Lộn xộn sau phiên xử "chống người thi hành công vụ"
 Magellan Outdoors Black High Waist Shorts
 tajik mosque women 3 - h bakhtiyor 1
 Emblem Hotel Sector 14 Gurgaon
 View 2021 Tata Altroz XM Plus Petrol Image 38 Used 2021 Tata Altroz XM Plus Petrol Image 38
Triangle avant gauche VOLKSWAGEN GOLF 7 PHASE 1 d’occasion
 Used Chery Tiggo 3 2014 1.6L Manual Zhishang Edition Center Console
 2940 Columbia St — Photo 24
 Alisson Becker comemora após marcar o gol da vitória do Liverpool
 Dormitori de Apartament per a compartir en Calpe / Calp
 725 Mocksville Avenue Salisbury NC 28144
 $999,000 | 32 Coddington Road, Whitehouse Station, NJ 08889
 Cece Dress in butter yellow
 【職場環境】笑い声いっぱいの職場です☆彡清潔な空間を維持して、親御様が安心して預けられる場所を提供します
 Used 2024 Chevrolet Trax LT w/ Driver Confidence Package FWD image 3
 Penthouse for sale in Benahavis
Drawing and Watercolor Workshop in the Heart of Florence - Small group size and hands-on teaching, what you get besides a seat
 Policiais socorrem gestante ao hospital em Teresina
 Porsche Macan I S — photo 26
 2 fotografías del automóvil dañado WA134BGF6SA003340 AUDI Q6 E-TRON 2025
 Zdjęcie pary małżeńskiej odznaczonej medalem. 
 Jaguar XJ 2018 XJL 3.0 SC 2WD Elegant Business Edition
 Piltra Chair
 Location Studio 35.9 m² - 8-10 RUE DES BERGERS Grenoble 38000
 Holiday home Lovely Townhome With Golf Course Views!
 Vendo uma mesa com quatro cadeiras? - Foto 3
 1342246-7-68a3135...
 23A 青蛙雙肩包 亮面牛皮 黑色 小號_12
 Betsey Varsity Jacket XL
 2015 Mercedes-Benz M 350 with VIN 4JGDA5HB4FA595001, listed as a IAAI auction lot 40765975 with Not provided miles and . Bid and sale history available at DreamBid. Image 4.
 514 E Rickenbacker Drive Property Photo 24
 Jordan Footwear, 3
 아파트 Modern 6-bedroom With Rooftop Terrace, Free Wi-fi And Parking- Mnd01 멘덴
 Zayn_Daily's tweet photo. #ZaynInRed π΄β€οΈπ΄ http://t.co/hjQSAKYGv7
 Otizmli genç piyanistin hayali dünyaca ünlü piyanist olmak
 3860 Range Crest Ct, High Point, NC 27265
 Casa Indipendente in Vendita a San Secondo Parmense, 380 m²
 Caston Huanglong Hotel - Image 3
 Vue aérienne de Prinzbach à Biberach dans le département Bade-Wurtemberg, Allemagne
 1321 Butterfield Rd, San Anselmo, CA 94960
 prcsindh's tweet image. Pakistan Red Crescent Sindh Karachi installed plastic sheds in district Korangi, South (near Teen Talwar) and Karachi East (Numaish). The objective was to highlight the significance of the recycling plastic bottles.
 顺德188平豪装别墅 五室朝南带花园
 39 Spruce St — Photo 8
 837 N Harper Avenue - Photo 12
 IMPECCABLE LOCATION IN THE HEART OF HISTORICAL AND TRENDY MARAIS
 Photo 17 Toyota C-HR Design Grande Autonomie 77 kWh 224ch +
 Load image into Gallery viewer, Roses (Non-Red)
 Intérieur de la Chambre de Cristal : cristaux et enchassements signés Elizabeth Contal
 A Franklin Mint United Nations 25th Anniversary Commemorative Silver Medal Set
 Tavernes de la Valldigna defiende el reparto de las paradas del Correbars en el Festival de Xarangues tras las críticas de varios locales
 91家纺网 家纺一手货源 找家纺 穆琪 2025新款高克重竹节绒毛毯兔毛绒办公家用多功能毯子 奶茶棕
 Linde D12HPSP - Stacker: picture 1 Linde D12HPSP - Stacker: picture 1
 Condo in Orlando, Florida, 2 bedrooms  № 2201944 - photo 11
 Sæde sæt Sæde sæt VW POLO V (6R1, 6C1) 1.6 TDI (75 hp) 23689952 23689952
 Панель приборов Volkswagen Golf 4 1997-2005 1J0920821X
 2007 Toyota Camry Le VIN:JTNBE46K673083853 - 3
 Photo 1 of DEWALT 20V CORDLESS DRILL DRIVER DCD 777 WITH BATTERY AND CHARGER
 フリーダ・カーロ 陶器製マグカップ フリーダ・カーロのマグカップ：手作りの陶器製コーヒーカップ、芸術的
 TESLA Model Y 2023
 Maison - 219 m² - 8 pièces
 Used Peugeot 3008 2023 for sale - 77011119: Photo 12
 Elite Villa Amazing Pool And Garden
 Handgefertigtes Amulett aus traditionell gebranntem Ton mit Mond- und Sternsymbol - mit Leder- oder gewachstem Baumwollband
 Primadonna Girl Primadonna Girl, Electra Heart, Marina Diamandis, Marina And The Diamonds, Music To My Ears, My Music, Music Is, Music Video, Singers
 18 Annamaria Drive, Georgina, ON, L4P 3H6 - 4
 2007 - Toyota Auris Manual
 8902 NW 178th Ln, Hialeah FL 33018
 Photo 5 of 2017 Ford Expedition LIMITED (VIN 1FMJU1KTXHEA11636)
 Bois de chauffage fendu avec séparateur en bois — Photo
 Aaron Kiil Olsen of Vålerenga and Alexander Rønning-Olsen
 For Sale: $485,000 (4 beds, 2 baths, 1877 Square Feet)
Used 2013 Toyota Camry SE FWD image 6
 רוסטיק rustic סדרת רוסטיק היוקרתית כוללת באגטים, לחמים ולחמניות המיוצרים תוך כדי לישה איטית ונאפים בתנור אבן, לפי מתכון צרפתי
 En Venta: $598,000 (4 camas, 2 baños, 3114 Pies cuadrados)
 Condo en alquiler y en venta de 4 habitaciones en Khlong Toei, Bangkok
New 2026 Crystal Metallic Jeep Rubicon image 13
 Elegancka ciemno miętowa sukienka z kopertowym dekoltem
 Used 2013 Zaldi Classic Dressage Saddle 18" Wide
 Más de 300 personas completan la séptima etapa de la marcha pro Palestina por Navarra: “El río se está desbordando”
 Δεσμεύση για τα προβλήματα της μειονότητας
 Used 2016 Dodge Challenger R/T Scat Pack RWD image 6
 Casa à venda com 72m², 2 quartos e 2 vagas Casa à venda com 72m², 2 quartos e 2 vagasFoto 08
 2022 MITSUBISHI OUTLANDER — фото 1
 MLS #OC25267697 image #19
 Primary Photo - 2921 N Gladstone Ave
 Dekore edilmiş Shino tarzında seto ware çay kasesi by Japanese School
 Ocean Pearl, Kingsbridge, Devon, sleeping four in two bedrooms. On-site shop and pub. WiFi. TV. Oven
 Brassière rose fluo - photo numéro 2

━━━━━━

◆ Assignment:
Beginning with the line containing "Betsey Varsity Jacket XL" in the material above, copy every line exactly until you have copied the line containing "아파트 Modern 6-bedroom".

◆ Response below:
 Betsey Varsity Jacket XL
 2015 Mercedes-Benz M 350 with VIN 4JGDA5HB4FA595001, listed as a IAAI auction lot 40765975 with Not provided miles and . Bid and sale history available at DreamBid. Image 4.
 514 E Rickenbacker Drive Property Photo 24
 Jordan Footwear, 3
 아파트 Modern 6-bedroom With Rooftop Terrace, Free Wi-fi And Parking- Mnd01 멘덴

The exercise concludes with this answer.